§ DIRECTIONS: In the records below, repeat word for word only the lines starting at the one that contains "Skip Hop Duo" and ending at the one that contains "victoriassecret newsletter: NEW: Scent", pictures excluded.

§ SOURCE RECORDS:
········

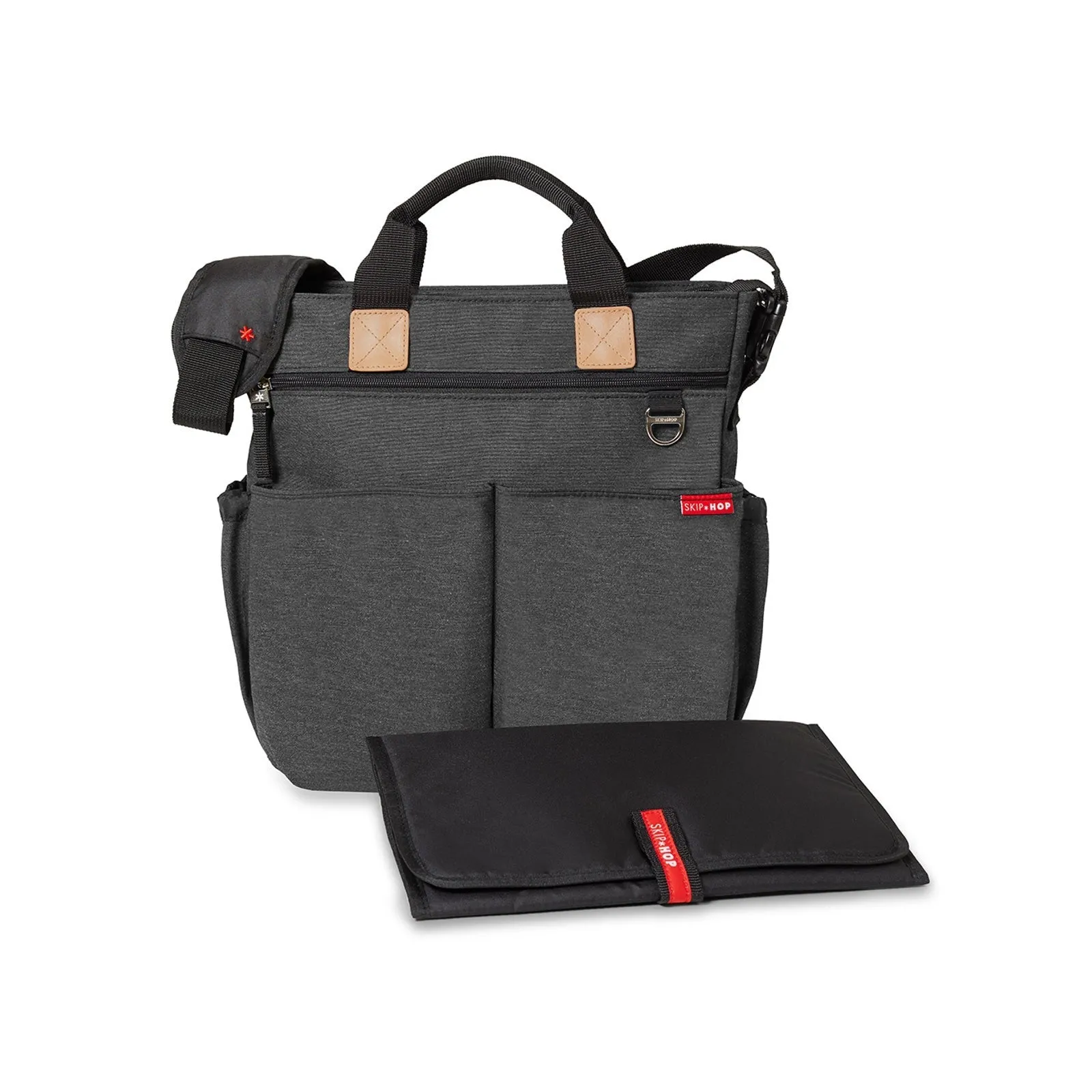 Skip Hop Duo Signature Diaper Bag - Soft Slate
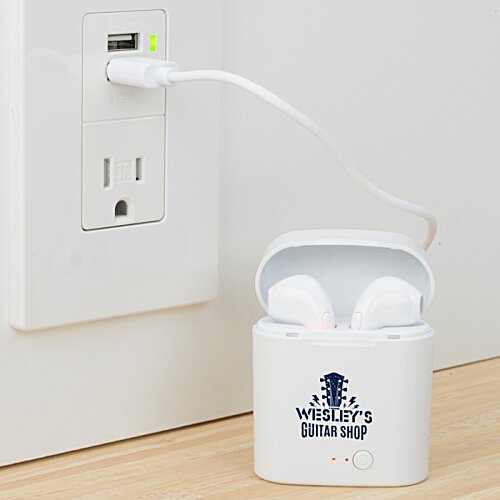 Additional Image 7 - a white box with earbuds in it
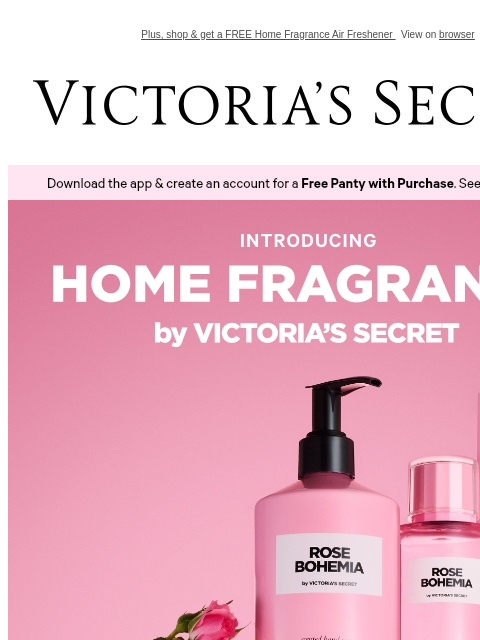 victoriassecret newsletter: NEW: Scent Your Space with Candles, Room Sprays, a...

········

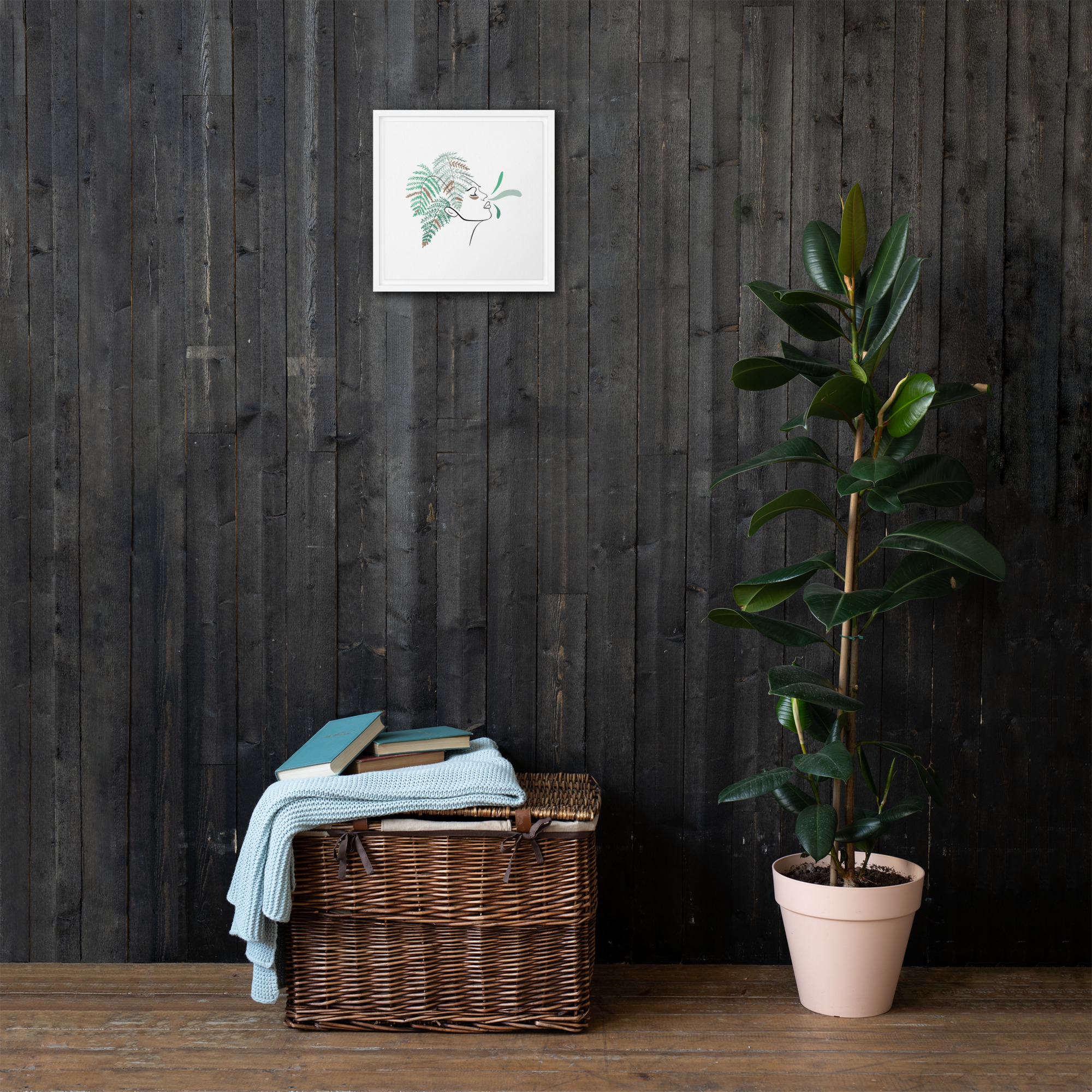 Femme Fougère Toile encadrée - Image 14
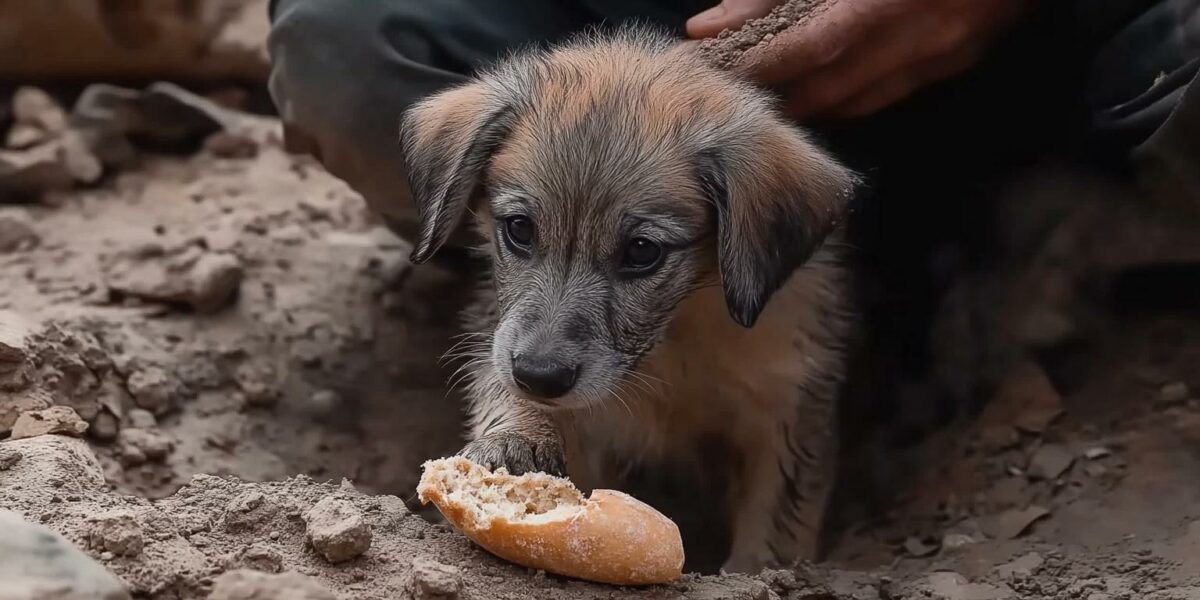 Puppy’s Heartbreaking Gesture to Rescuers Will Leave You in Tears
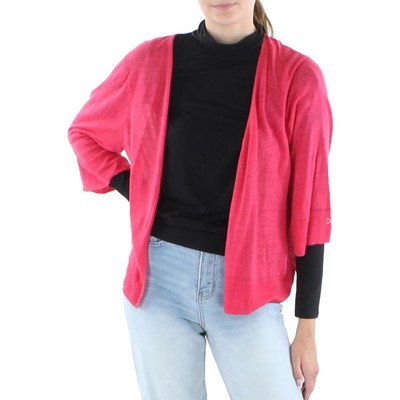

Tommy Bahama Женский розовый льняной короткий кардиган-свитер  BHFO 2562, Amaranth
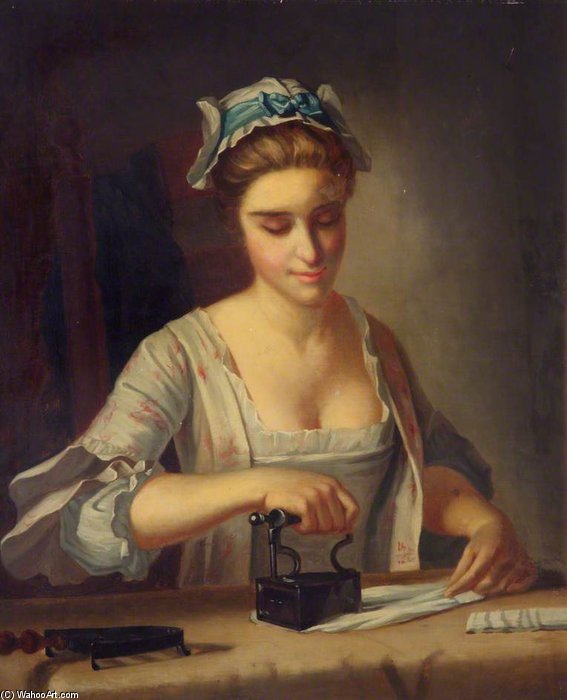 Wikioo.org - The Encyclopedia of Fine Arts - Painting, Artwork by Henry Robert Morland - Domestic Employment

········

§ TASK ANSWER:
 Skip Hop Duo Signature Diaper Bag - Soft Slate
 Additional Image 7 - a white box with earbuds in it
 victoriassecret newsletter: NEW: Scent Your Space with Candles, Room Sprays, a...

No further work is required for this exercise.